Dziwnym trafem miłośnicy gier fabularnych są chyba jedynym środowiskiem, które tak bardzo wierzy w racjonalność korporacji. Zdarz się wręcz, że bronią firm, których nienawidzą nawet ich rodzime fandomy, obarczonych długą listą udokumentowanych błędów, jak Game Workshop czy EA…
Prawda jest jednak brutalna:
Inni też wierzyli:
Spójrzmy na ten wykres. Jest to obraz kursu polskiego producenta gier firmy CIG (dawniej City Interactive) odpowiedzialnej między innymi za serię Snajper oraz za Lords of the Fallen.
Tło historyczne:
Po wypuszczeniu tej ostatniej gry CIG zabrał się za produkcję Sniper 3, po której spodziewano się bardzo dużo dobrego. Oczekiwano, że produkt okaże się najmniej Wiedźminem 2 i wypchnie spółkę na wyżyny. Byłby to nawiasem mówiąc logiczny krok naprzód, po całkiem dobrze przyjętym LotF.
Jednak firma miała inny pomysł na życie. Prace zostały zlecone chińskim i indyjskim podwykonawcom, fragmenty kodu naprędce zszyto.
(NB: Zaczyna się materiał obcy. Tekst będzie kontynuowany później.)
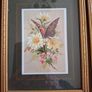 Art  - Coloured Prints X 5 Image 3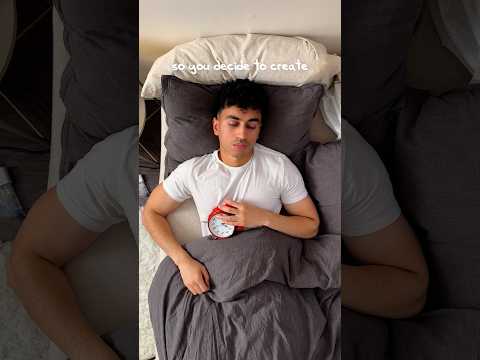 6 AM Morning Routine for Students thumbnail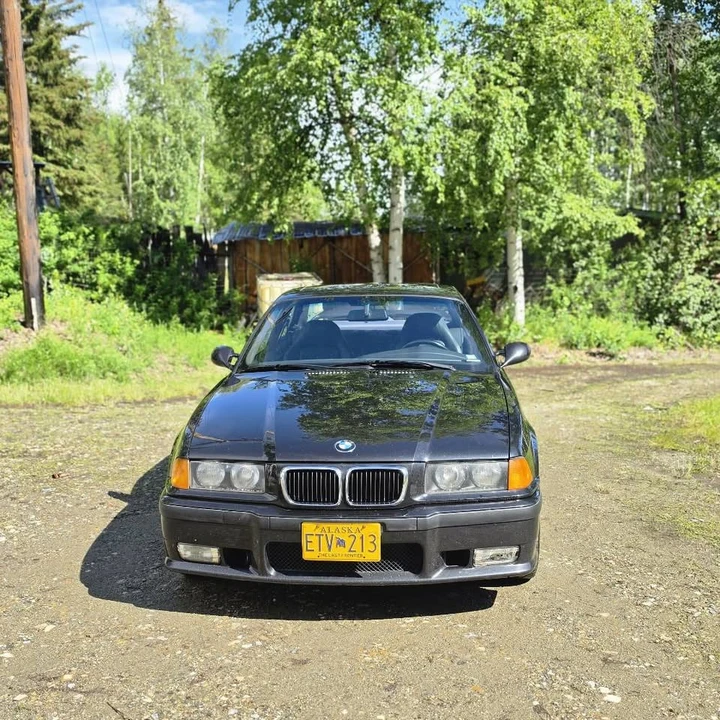1997 BMW E36 M3 - Image 20 of 20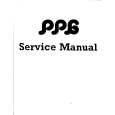 PPG WAVE 23 Instrukcja Serwisowa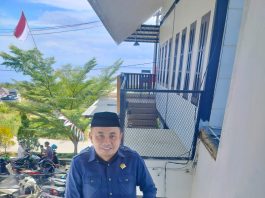 H. Hasan Basri Bantah Tuduhan Arogansi, Tegaskan Terbuka terhadap Aspirasi Mahasiswa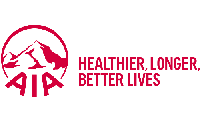 AIA Life logo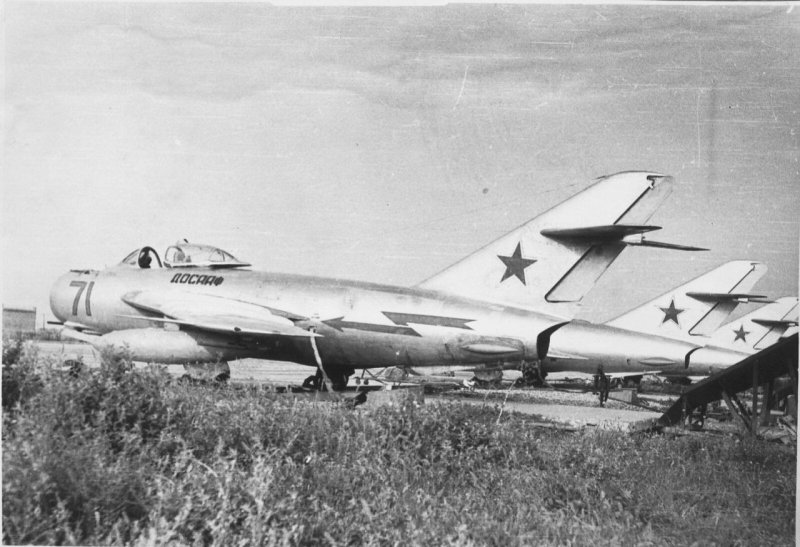 Mig 17
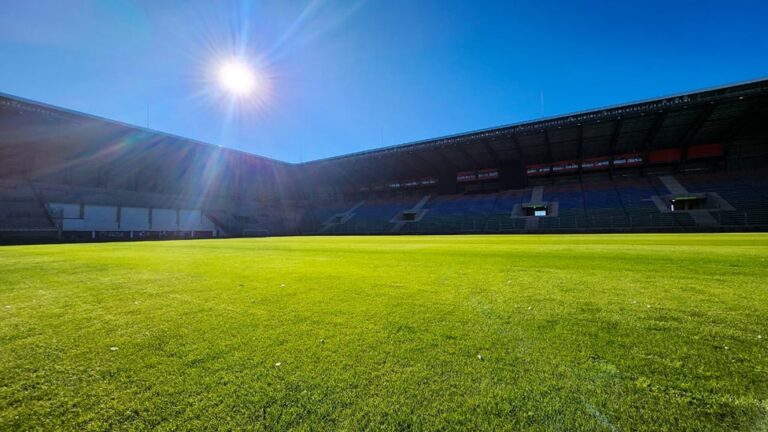 Lee más sobre el artículo Belgrano de Córdoba y Defensores de Belgrano jugarán en el Estadio La Pedrera por la Copa Argentina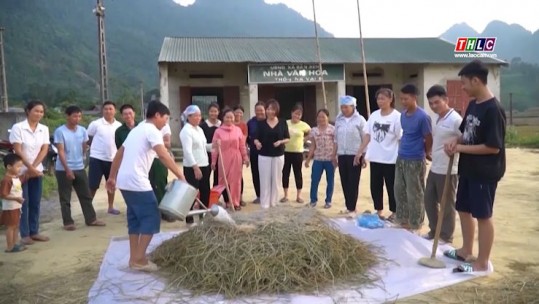 Thời sự Lào Cai 9h30 (10/6/2025)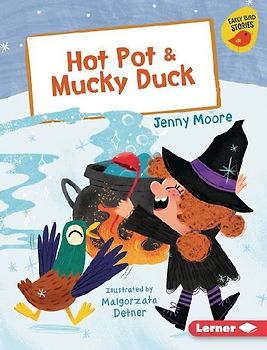 Hot Pot & Mucky Duck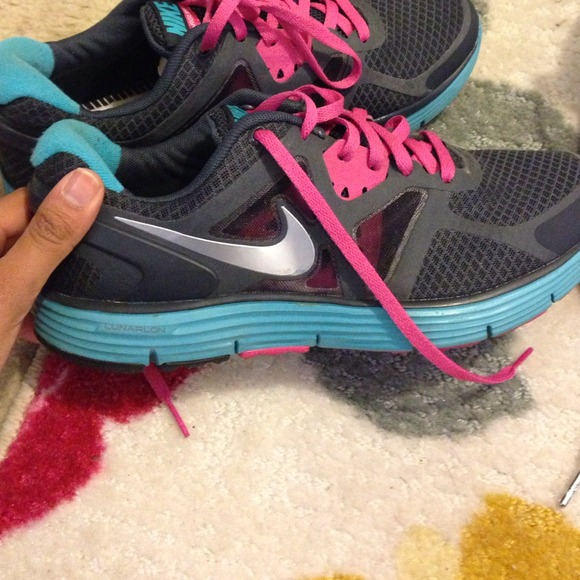 NIKE LUNARGLIDE 3 - Picture 2 of 2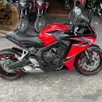 HONDA CBR 650F ABS HONDA CBR 650F ABS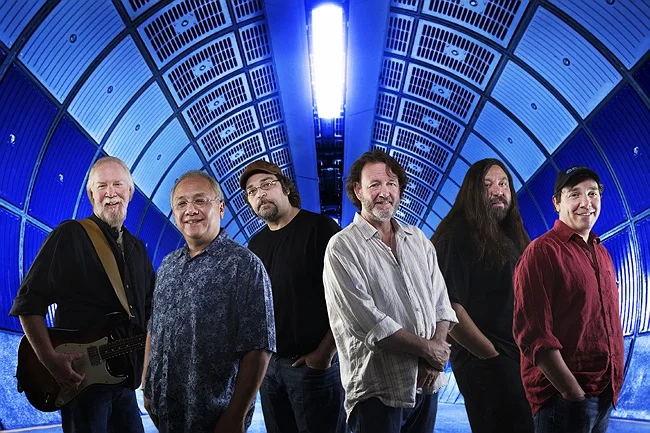 WIDESPREAD PANIC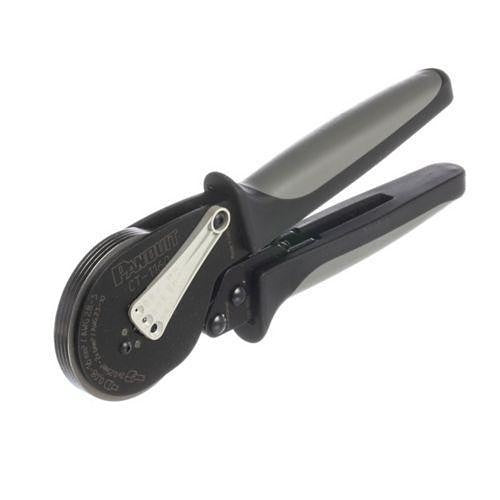 Panduit CT-1160 Controlled Cycle Ferrule Crimp Tool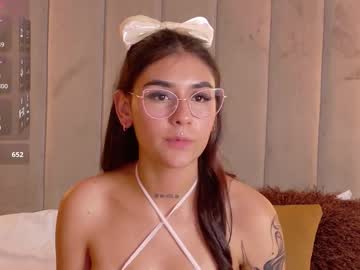 Violetblaze September 18, 2025 Chaturbate stream image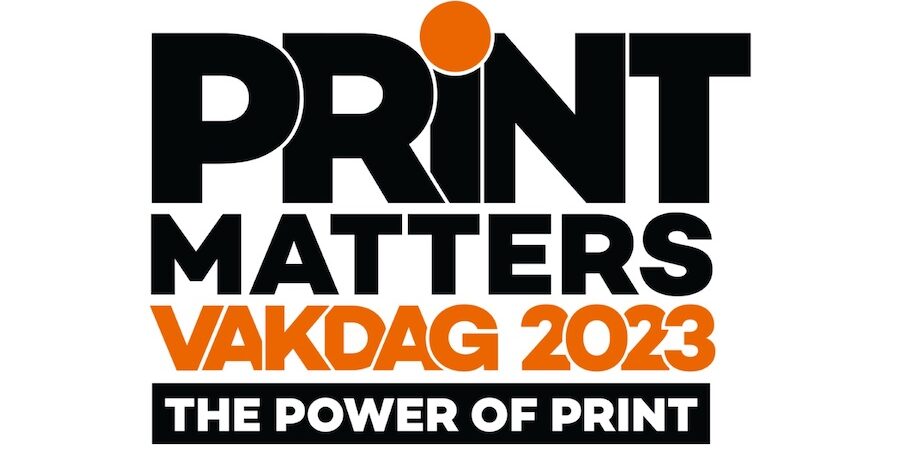 Printmatters Vakdag 2023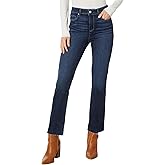 Paige Womens Cindy Raw Hem Jeans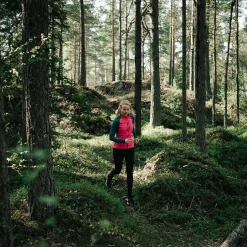 Tracks Naisten Seamless Takki<Halti Clearance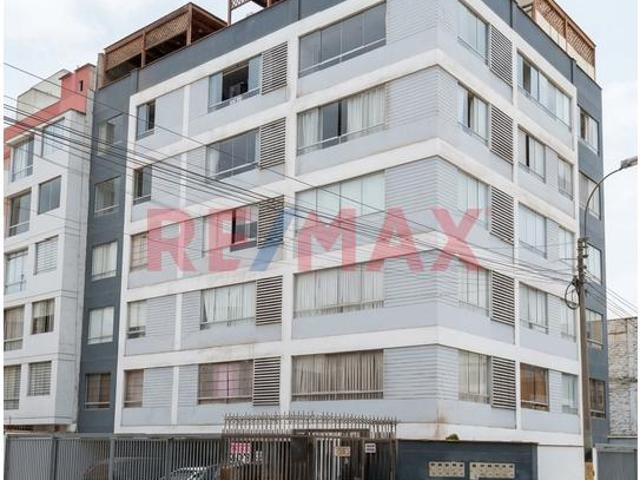 Alquiler De Departamento En Salamanca Urb. Recaudadores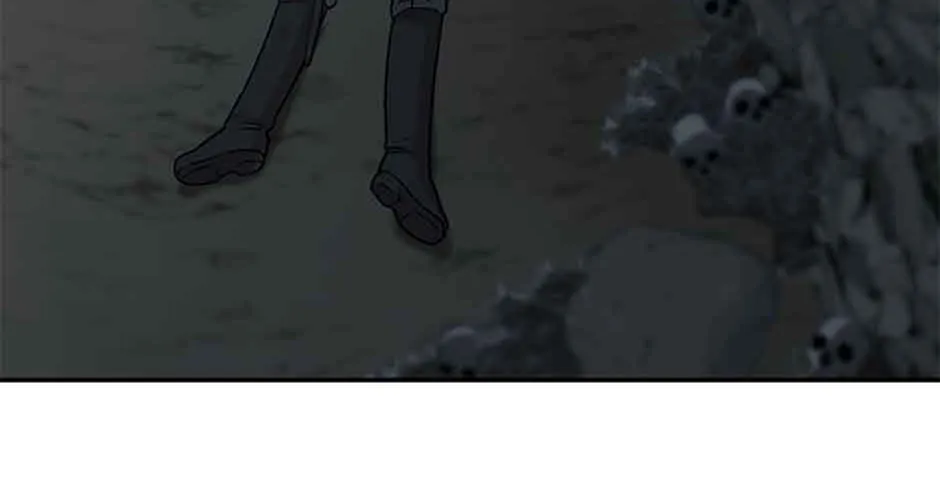 How to Survive As The Devil’s Daughter Chapter 33 page 46 - 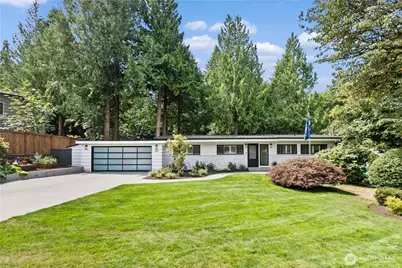 3227 103rd Place NE, Bellevue, WA 98004 - Photo 1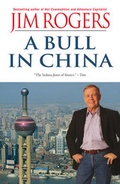 Cover: A Bull in China - Wiley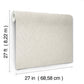 Thatched Chevron Light Neutral Wallpaper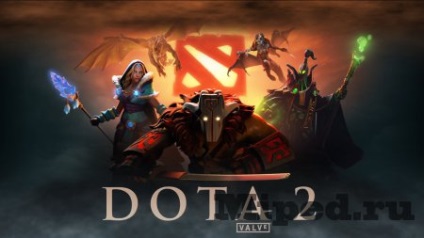 Utilizăm creep ca un ward și le dezactivați în sistem în dota 2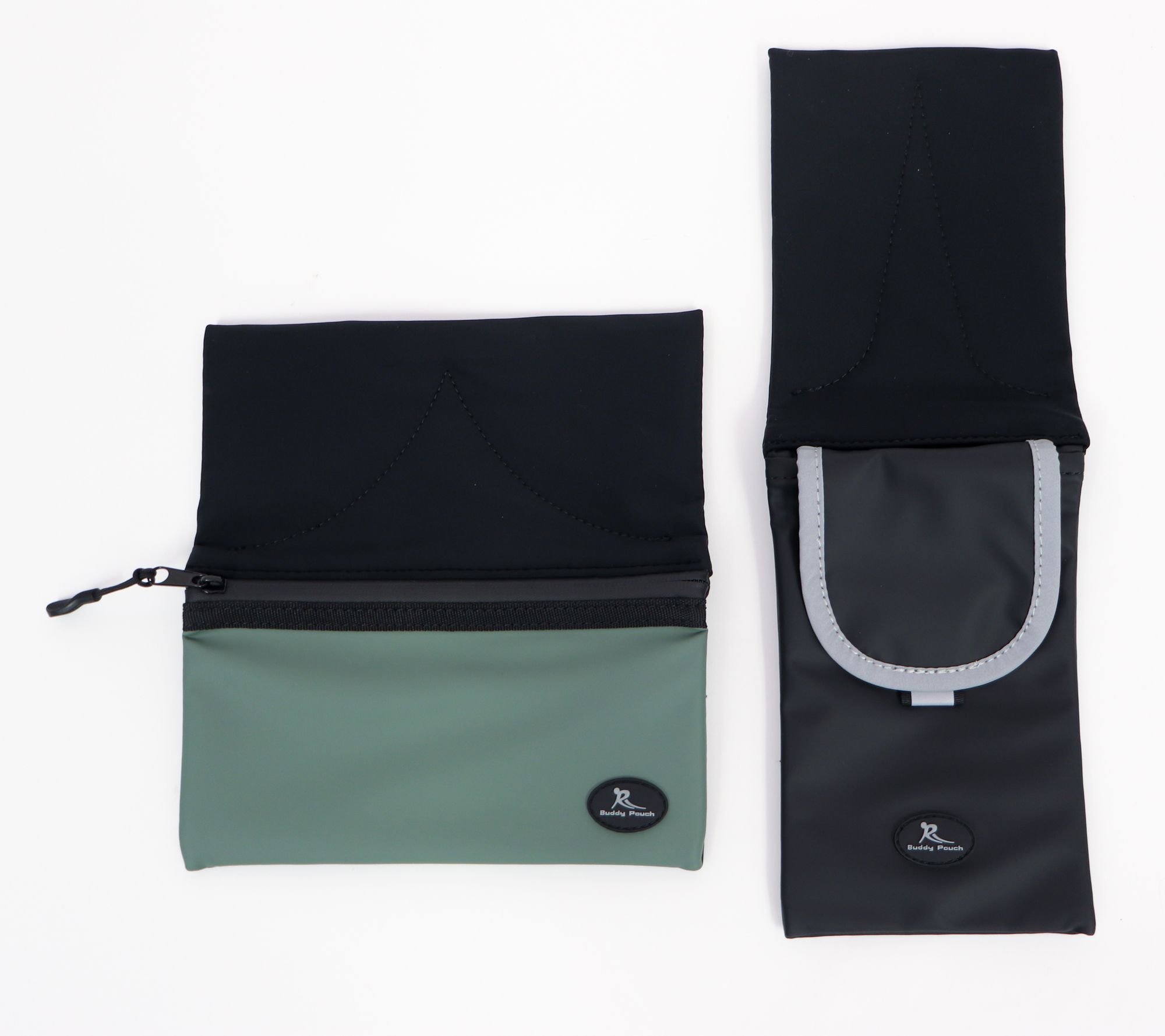 Buddy Pouch Set of 2 Belt Pouches for Phones & Accessories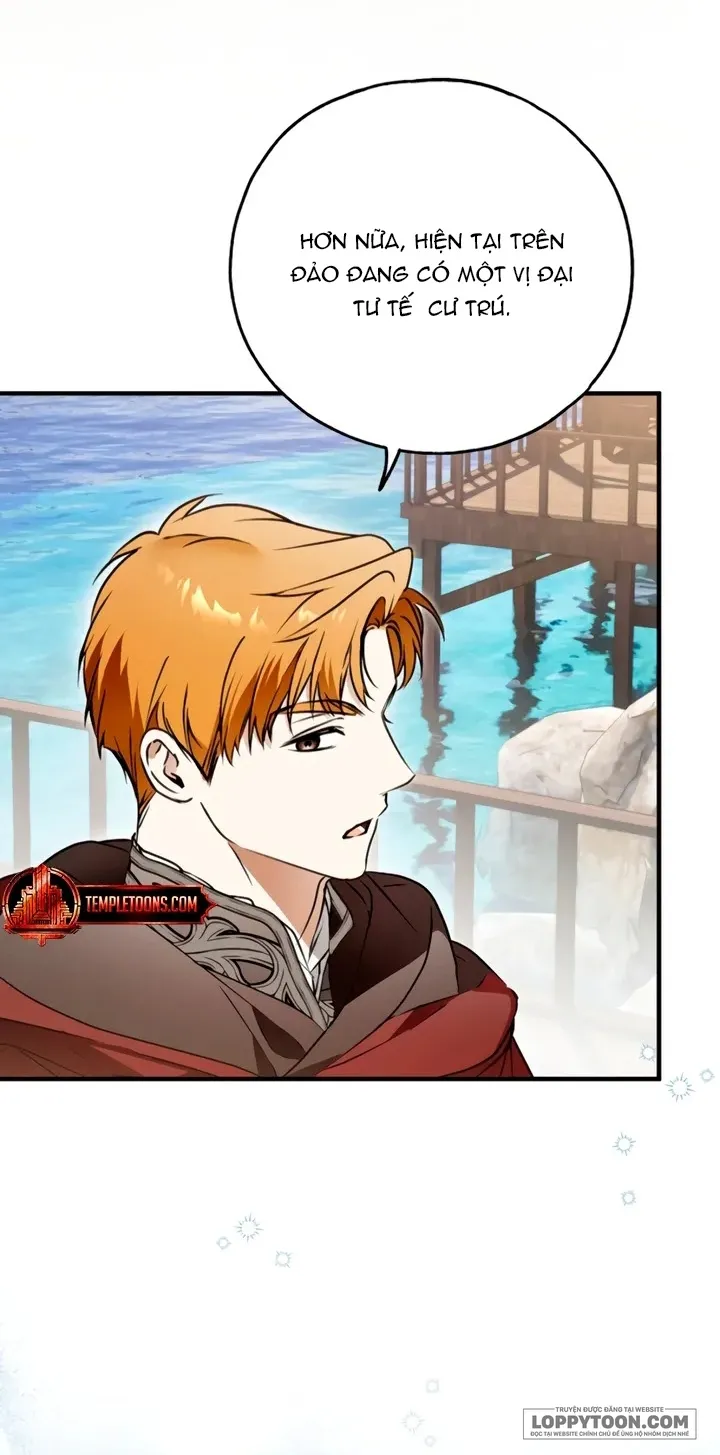 Có Kẻ Đã Sở Hữu Cơ Thể Của Tôi Chap 70 - trang 48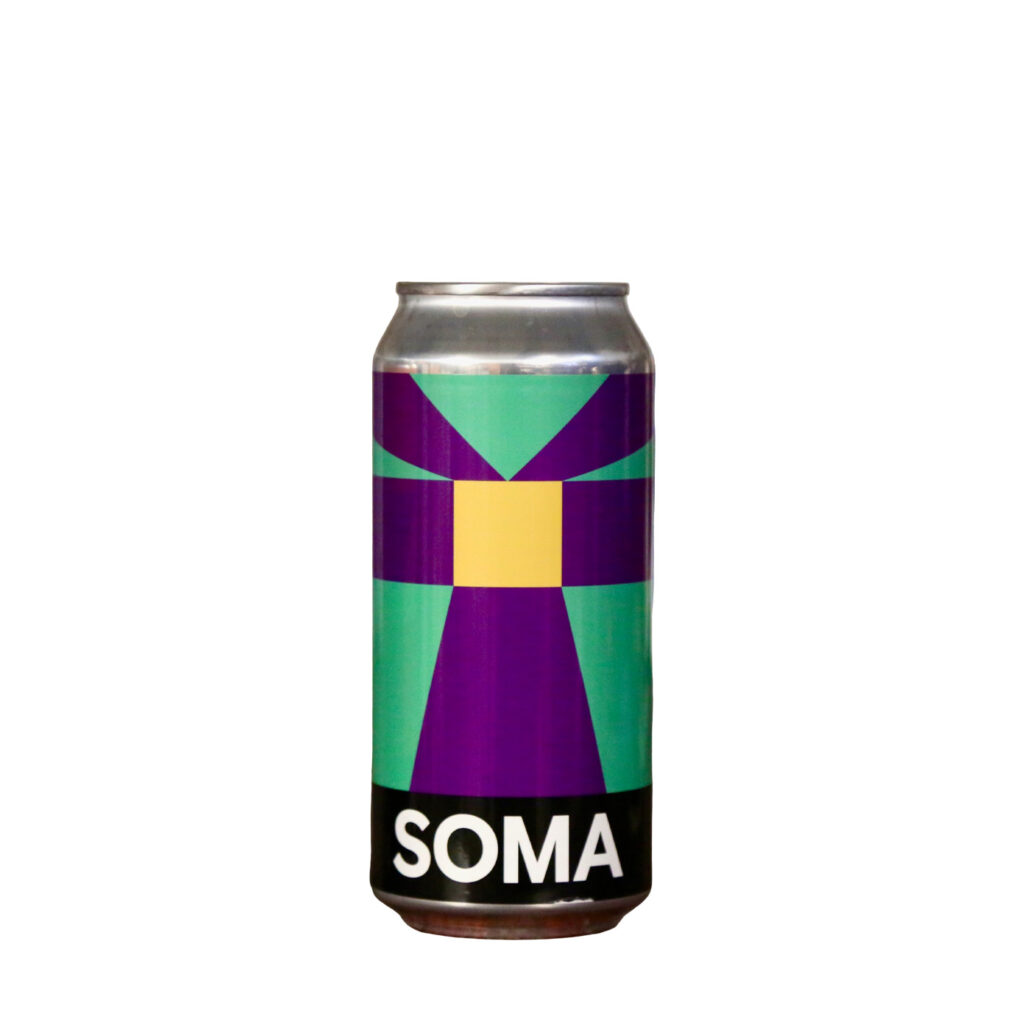 SOMA – Commuter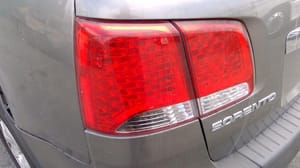 2013 Kia Sorento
Finalnie Snajper 3 (który ukazał się w maju 2017) okazał się grą kiepską i pozbawioną odwagi, a do tego pełną bugów. Nie było też wielu elementów, które zapowiadano w reklamach (np. multiplayera). Tak więc gra zebrała bardzo mieszane oceny, a 47 procent użytkowników Steam oceniło ją negatywnie. Sprzedał się jednak na tyle dobrze, by firma zdołała spłacić zaciągnięty na jego produkcje, kredyt. I wziąć kolejny na produkcje następnej gry, która, jak wszystko wskazuje też będzie gniotem.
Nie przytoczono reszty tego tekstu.